◆ Prompt
Exact copies of all the entries are required, and no pictures should appear in them.

(Data)

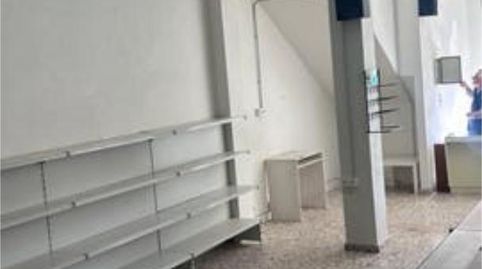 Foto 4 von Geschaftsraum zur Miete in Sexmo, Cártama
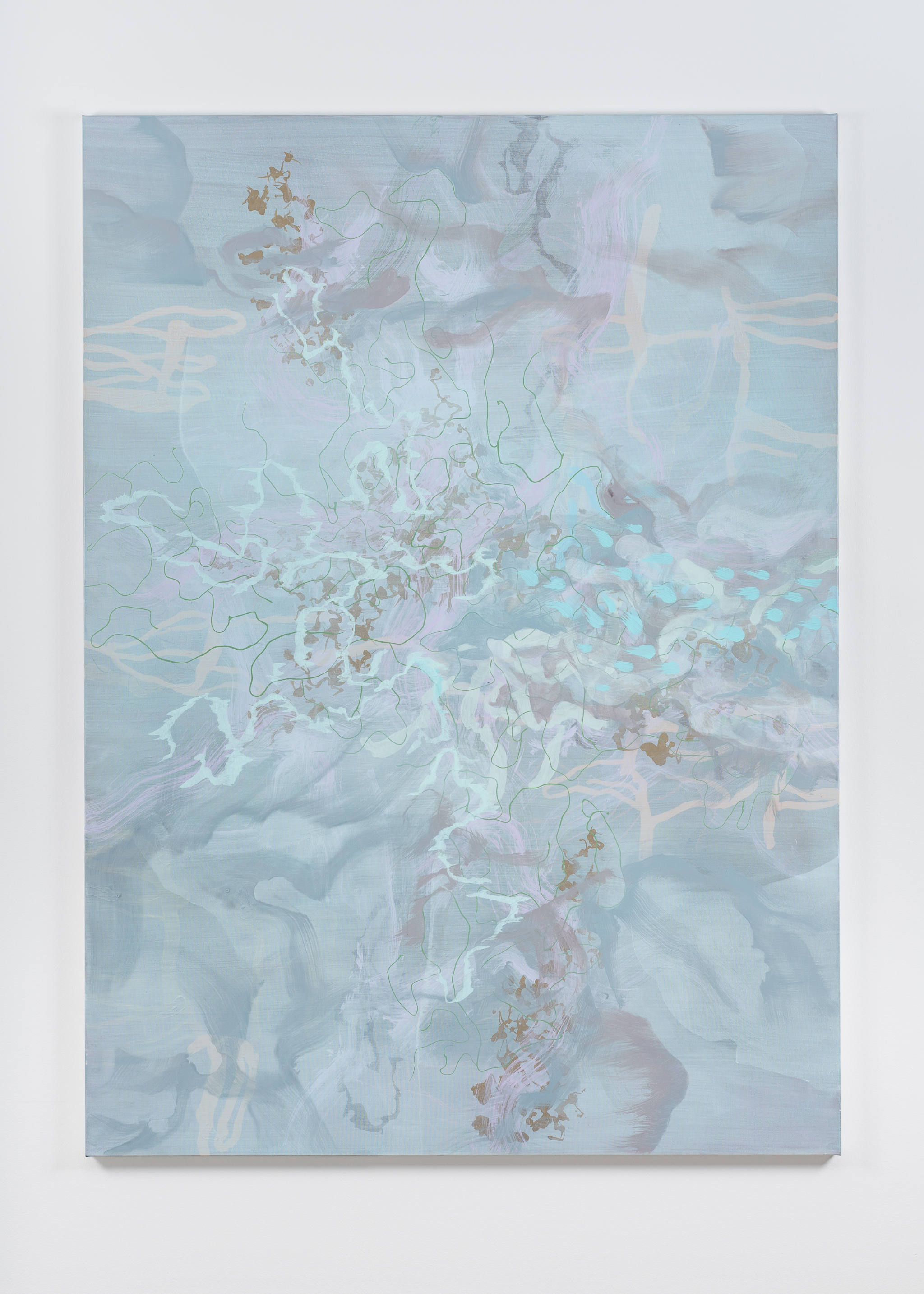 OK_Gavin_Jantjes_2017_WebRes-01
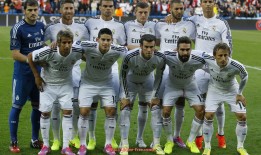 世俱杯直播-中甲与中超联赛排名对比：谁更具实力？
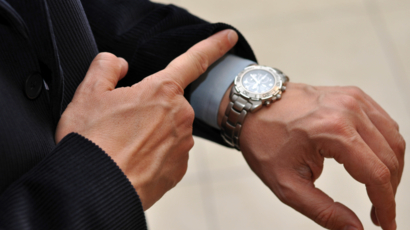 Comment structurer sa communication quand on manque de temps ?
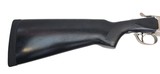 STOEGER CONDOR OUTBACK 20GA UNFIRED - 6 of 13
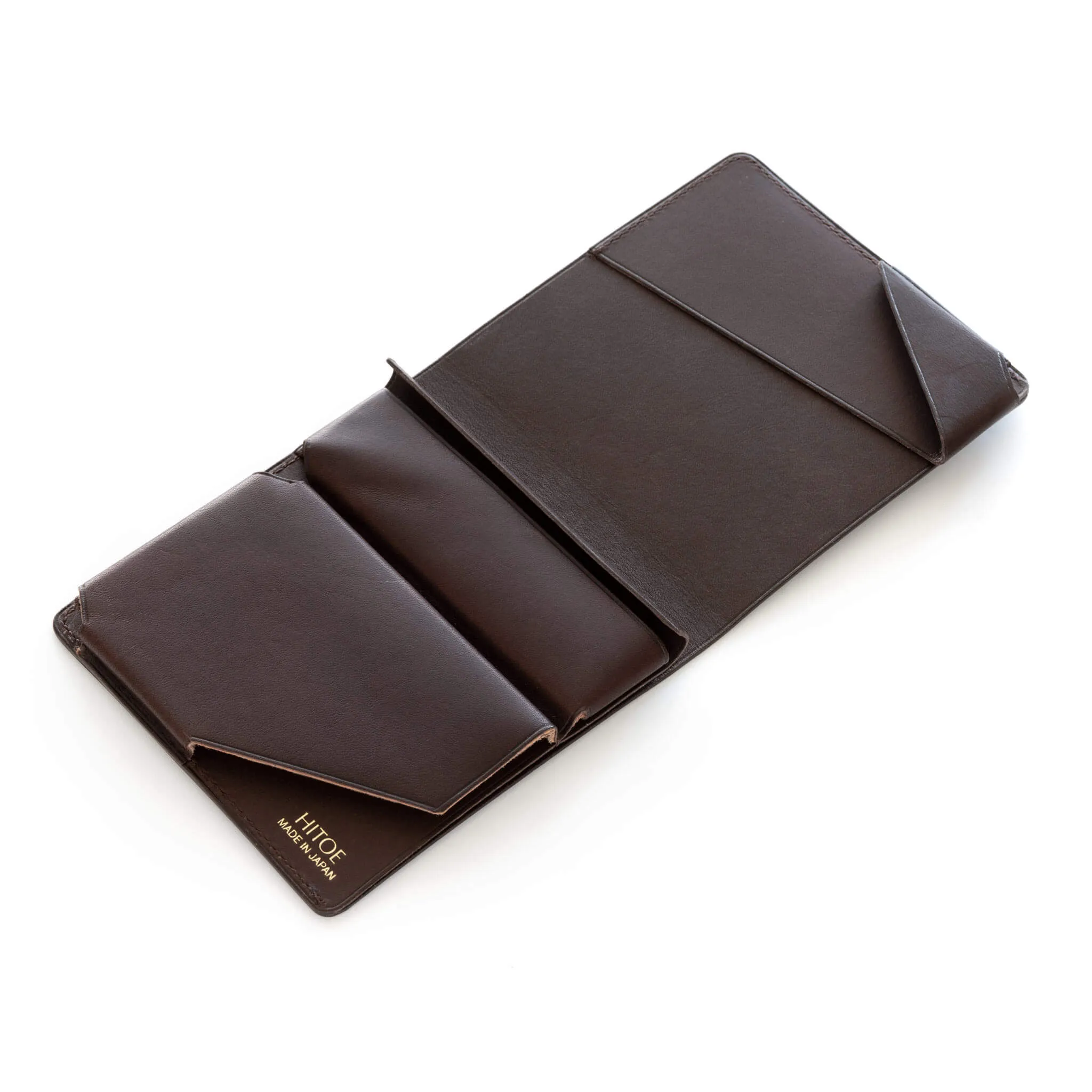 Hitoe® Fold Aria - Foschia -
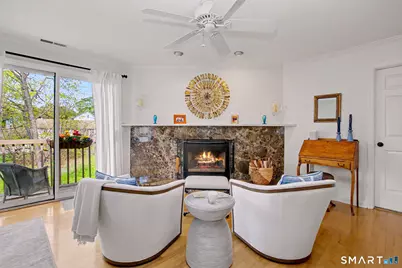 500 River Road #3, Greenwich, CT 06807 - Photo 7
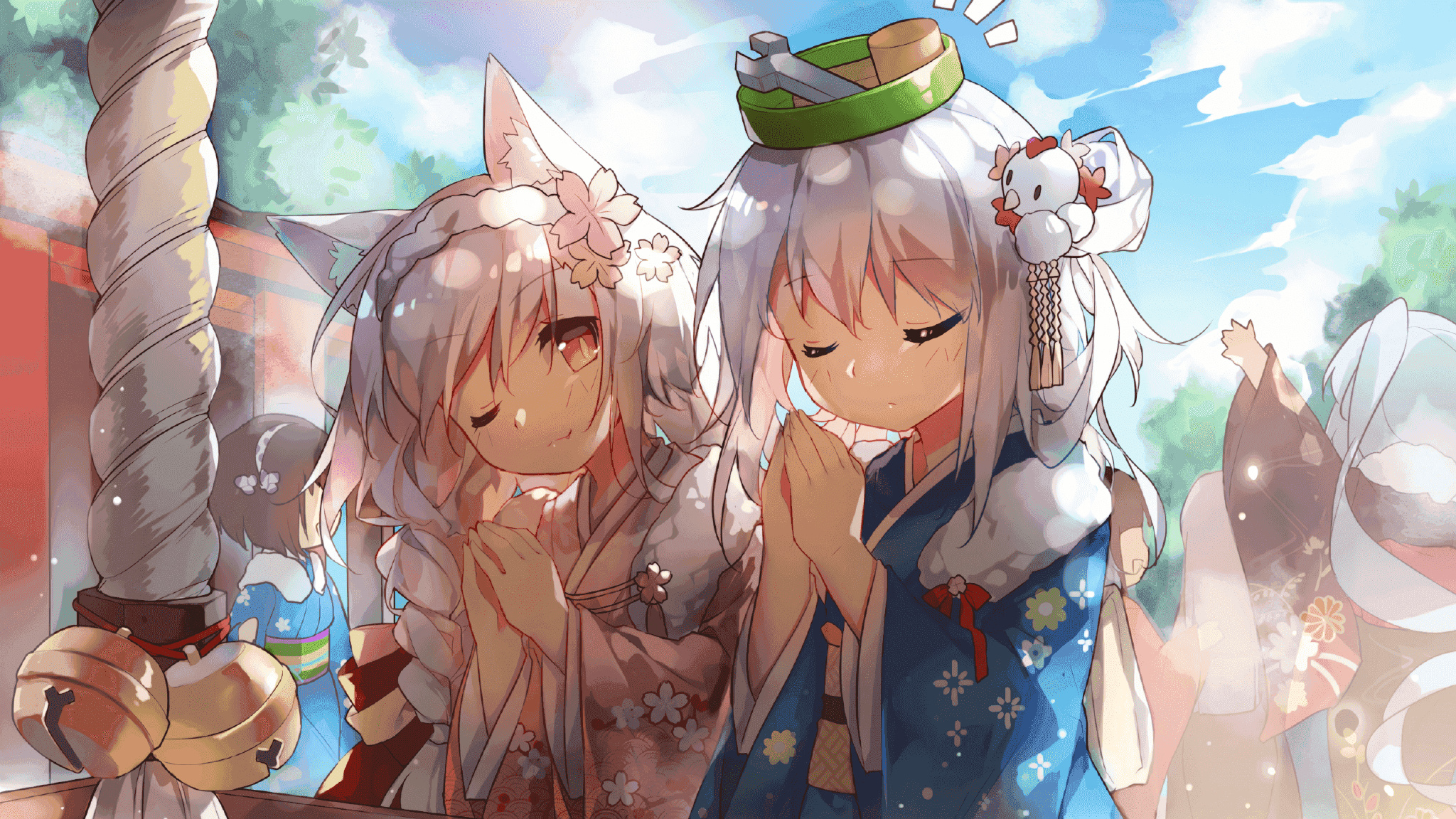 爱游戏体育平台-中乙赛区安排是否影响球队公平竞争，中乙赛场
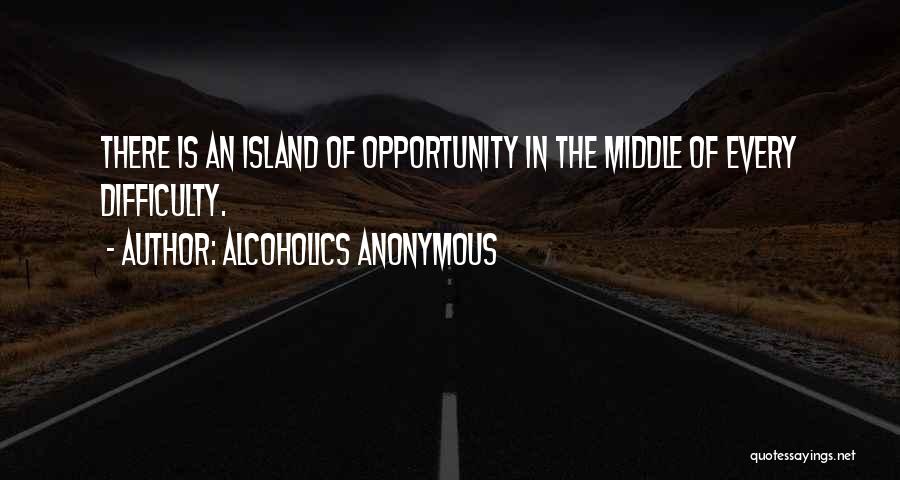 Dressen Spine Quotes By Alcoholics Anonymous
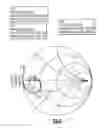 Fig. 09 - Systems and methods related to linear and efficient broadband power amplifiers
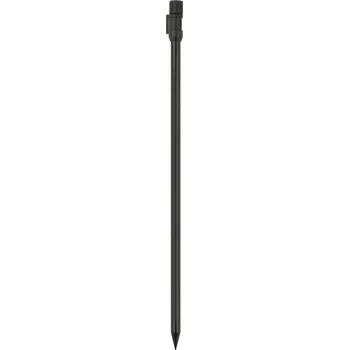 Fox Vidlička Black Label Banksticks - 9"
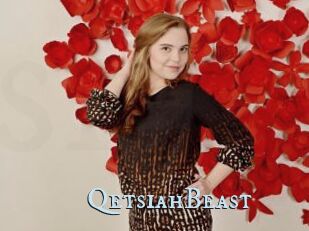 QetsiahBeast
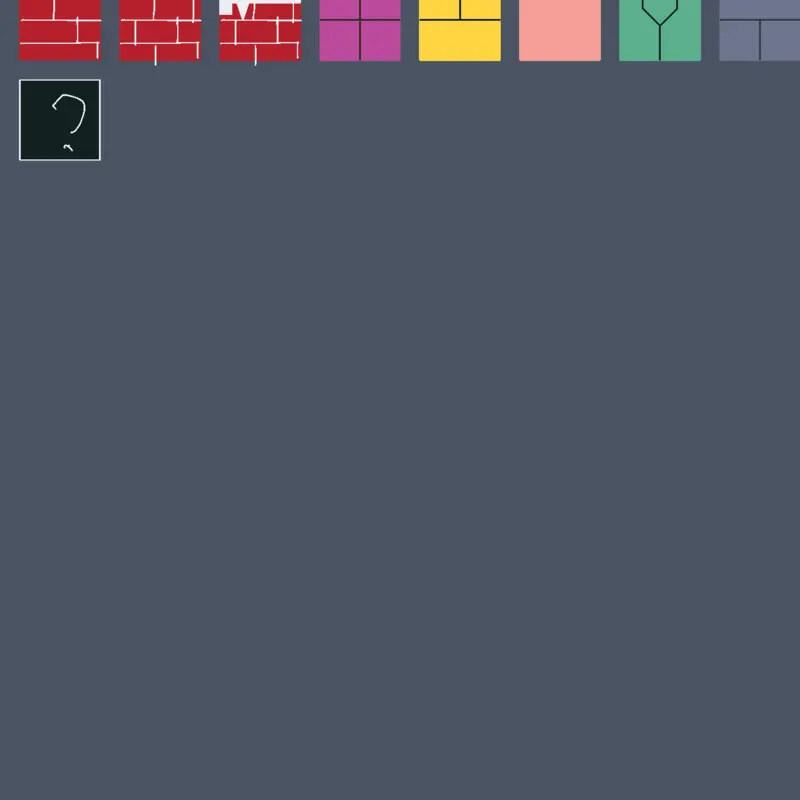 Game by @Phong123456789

(End Data)

◆ Solved exercise
 Foto 4 von Geschaftsraum zur Miete in Sexmo, Cártama
 OK_Gavin_Jantjes_2017_WebRes-01
 世俱杯直播-中甲与中超联赛排名对比：谁更具实力？
 Comment structurer sa communication quand on manque de temps ?
 STOEGER CONDOR OUTBACK 20GA UNFIRED - 6 of 13
 Hitoe® Fold Aria - Foschia -
 500 River Road #3, Greenwich, CT 06807 - Photo 7
 爱游戏体育平台-中乙赛区安排是否影响球队公平竞争，中乙赛场
 Dressen Spine Quotes By Alcoholics Anonymous
 Fig. 09 - Systems and methods related to linear and efficient broadband power amplifiers
 Fox Vidlička Black Label Banksticks - 9"
 QetsiahBeast
 Game by @Phong123456789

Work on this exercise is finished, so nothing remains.